### GIVEN INFORMATION

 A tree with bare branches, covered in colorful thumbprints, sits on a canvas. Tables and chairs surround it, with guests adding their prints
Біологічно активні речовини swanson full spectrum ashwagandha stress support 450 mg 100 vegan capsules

--

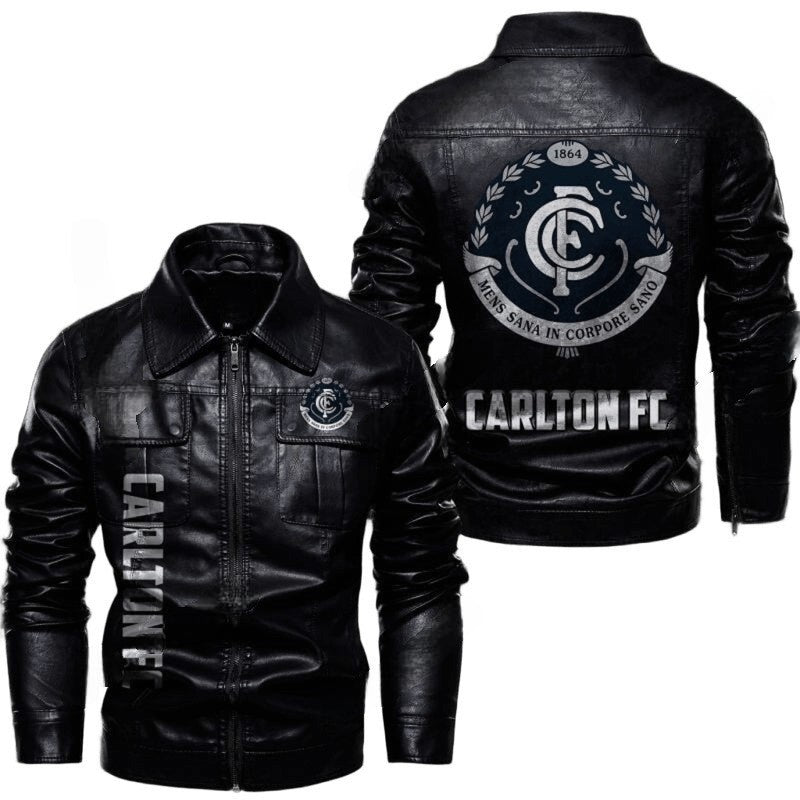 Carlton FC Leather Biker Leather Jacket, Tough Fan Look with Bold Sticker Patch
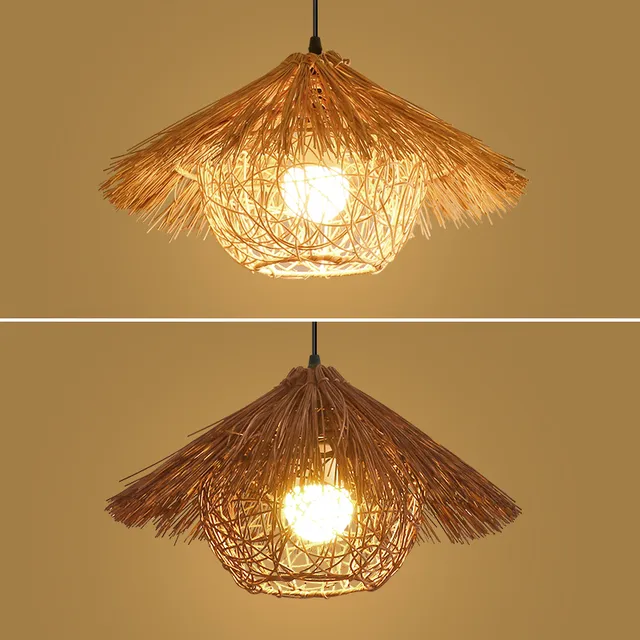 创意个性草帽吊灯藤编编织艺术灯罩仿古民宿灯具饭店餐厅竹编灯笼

### WHAT IS REQUIRED
Make an exact copy of the lines above, beginning with the line with "Carlton FC Leather" and ending with the line with "创意个性草帽吊灯藤编编织艺术灯罩仿古民宿灯具饭店餐厅竹编灯笼", and keep the pictures out of it.

### RESPONSE BOX
 Carlton FC Leather Biker Leather Jacket, Tough Fan Look with Bold Sticker Patch
 创意个性草帽吊灯藤编编织艺术灯罩仿古民宿灯具饭店餐厅竹编灯笼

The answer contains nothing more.